Acts 11 repeats and continues Trinitarian themes already seen in the book. In Acts 11:15-18, Peter recounts the events of Acts chapter 10 and the spread of the gospel to the Gentiles:
As I began to speak, the Holy Spirit fell on them just as on us at the beginning. And I remembered the word of the Lord, how he said, ‘John baptized with water, but you will be baptized with the Holy Spirit.’ If then God gave the same gift to them as he gave to us when we believed in the Lord Jesus Christ, who was I that I could stand in God‘s way?” When they heard these things they fell silent. And they glorified God, saying, “Then to the Gentiles also God has granted repentance that leads to life.”
In giving his apologia in Jerusalem, Peter maintains the Trinitarian emphasis seen in Acts 10:38. The spread of the gospel to the Gentiles is the work of the Trinity and must be embraced as such by God’s people. We also see repeated the truth that the Holy Spirit is given as the gift of God.

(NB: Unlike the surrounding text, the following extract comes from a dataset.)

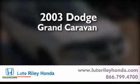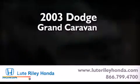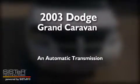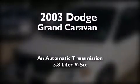This is a 2003 Dodge Grand Caravan. This minivan has an automatic transmission and a 3.8-liter V6.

Beginning in Acts 11:19 Luke backtracks in the narrative a somewhat and returns to the scattering that resulted from Saul and the Sanhedrin’s persecution of Stephen. Most of the believers sought to spread the gospel among Jews and the Jews alone (11:19); but some of the believers crossed the religious-ethnic boundary and proclaimed the Lord to Hellenists, or Greeks, as well. The Trinity blessed this effort:
But there were some of them, men of Cyprus and Cyrene, who on coming to Antioch spoke to the Hellenists also, preaching the Lord Jesus. And the hand of the Lord was with them, and a great number who believed turned to the Lord. The report of this came to the ears of the church in Jerusalem, and they sent Barnabas to Antioch. When he came and saw the grace of God, he was glad, and he exhorted them all to remain faithful to the Lord with steadfast purpose, for he was a good man, full of the Holy Spirit and of faith. And a great many people were added to the Lord. Acts 11:20-24
Once again the Trinity is seen as actively involved in the spread of the gospel. The Trinity is inherently missionary.